**Information supplied:**

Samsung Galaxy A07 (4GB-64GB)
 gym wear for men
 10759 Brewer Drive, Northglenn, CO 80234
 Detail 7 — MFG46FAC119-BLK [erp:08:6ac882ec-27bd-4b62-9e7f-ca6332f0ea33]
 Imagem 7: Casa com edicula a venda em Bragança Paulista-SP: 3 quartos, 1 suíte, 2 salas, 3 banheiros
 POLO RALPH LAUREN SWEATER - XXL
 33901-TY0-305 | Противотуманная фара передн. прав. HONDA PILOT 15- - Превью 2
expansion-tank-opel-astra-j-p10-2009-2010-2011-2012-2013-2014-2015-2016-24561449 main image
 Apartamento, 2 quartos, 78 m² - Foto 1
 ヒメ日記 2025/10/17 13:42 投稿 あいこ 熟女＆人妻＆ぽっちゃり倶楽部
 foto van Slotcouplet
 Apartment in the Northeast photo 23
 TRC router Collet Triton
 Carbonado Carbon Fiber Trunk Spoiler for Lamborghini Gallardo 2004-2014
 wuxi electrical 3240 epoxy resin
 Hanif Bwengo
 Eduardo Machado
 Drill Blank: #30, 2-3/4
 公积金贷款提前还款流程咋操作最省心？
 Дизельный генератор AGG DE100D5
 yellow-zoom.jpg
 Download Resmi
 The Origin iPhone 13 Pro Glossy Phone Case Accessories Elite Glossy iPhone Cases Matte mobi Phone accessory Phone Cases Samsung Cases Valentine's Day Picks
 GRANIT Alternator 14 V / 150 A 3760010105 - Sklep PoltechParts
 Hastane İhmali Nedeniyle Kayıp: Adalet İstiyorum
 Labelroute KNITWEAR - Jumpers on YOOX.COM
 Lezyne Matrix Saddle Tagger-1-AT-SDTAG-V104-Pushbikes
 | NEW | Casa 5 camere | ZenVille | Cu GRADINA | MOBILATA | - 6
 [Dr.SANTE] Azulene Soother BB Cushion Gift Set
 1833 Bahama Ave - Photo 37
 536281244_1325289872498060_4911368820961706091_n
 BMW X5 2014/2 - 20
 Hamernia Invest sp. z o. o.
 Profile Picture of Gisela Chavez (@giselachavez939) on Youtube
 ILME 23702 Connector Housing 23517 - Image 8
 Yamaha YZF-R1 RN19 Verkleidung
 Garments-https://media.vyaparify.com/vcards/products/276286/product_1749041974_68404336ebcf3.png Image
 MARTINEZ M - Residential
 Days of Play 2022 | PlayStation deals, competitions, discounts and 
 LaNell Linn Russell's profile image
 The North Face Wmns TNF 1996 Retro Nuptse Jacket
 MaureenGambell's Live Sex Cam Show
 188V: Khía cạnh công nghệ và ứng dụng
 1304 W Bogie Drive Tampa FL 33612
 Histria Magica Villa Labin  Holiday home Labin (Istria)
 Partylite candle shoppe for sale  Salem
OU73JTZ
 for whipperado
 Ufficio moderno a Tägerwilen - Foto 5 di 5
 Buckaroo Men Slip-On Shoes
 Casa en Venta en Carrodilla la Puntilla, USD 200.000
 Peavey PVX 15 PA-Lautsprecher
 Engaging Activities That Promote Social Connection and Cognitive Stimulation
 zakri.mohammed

**Your goal:** Transcribe the entries above word for word, from the first line through the line containing "Buckaroo Men Slip-On Shoes", and nothing else.

**The completed task:**
Samsung Galaxy A07 (4GB-64GB)
 gym wear for men
 10759 Brewer Drive, Northglenn, CO 80234
 Detail 7 — MFG46FAC119-BLK [erp:08:6ac882ec-27bd-4b62-9e7f-ca6332f0ea33]
 Imagem 7: Casa com edicula a venda em Bragança Paulista-SP: 3 quartos, 1 suíte, 2 salas, 3 banheiros
 POLO RALPH LAUREN SWEATER - XXL
 33901-TY0-305 | Противотуманная фара передн. прав. HONDA PILOT 15- - Превью 2
expansion-tank-opel-astra-j-p10-2009-2010-2011-2012-2013-2014-2015-2016-24561449 main image
 Apartamento, 2 quartos, 78 m² - Foto 1
 ヒメ日記 2025/10/17 13:42 投稿 あいこ 熟女＆人妻＆ぽっちゃり倶楽部
 foto van Slotcouplet
 Apartment in the Northeast photo 23
 TRC router Collet Triton
 Carbonado Carbon Fiber Trunk Spoiler for Lamborghini Gallardo 2004-2014
 wuxi electrical 3240 epoxy resin
 Hanif Bwengo
 Eduardo Machado
 Drill Blank: #30, 2-3/4
 公积金贷款提前还款流程咋操作最省心？
 Дизельный генератор AGG DE100D5
 yellow-zoom.jpg
 Download Resmi
 The Origin iPhone 13 Pro Glossy Phone Case Accessories Elite Glossy iPhone Cases Matte mobi Phone accessory Phone Cases Samsung Cases Valentine's Day Picks
 GRANIT Alternator 14 V / 150 A 3760010105 - Sklep PoltechParts
 Hastane İhmali Nedeniyle Kayıp: Adalet İstiyorum
 Labelroute KNITWEAR - Jumpers on YOOX.COM
 Lezyne Matrix Saddle Tagger-1-AT-SDTAG-V104-Pushbikes
 | NEW | Casa 5 camere | ZenVille | Cu GRADINA | MOBILATA | - 6
 [Dr.SANTE] Azulene Soother BB Cushion Gift Set
 1833 Bahama Ave - Photo 37
 536281244_1325289872498060_4911368820961706091_n
 BMW X5 2014/2 - 20
 Hamernia Invest sp. z o. o.
 Profile Picture of Gisela Chavez (@giselachavez939) on Youtube
 ILME 23702 Connector Housing 23517 - Image 8
 Yamaha YZF-R1 RN19 Verkleidung
 Garments-https://media.vyaparify.com/vcards/products/276286/product_1749041974_68404336ebcf3.png Image
 MARTINEZ M - Residential
 Days of Play 2022 | PlayStation deals, competitions, discounts and 
 LaNell Linn Russell's profile image
 The North Face Wmns TNF 1996 Retro Nuptse Jacket
 MaureenGambell's Live Sex Cam Show
 188V: Khía cạnh công nghệ và ứng dụng
 1304 W Bogie Drive Tampa FL 33612
 Histria Magica Villa Labin  Holiday home Labin (Istria)
 Partylite candle shoppe for sale  Salem
OU73JTZ
 for whipperado
 Ufficio moderno a Tägerwilen - Foto 5 di 5
 Buckaroo Men Slip-On Shoes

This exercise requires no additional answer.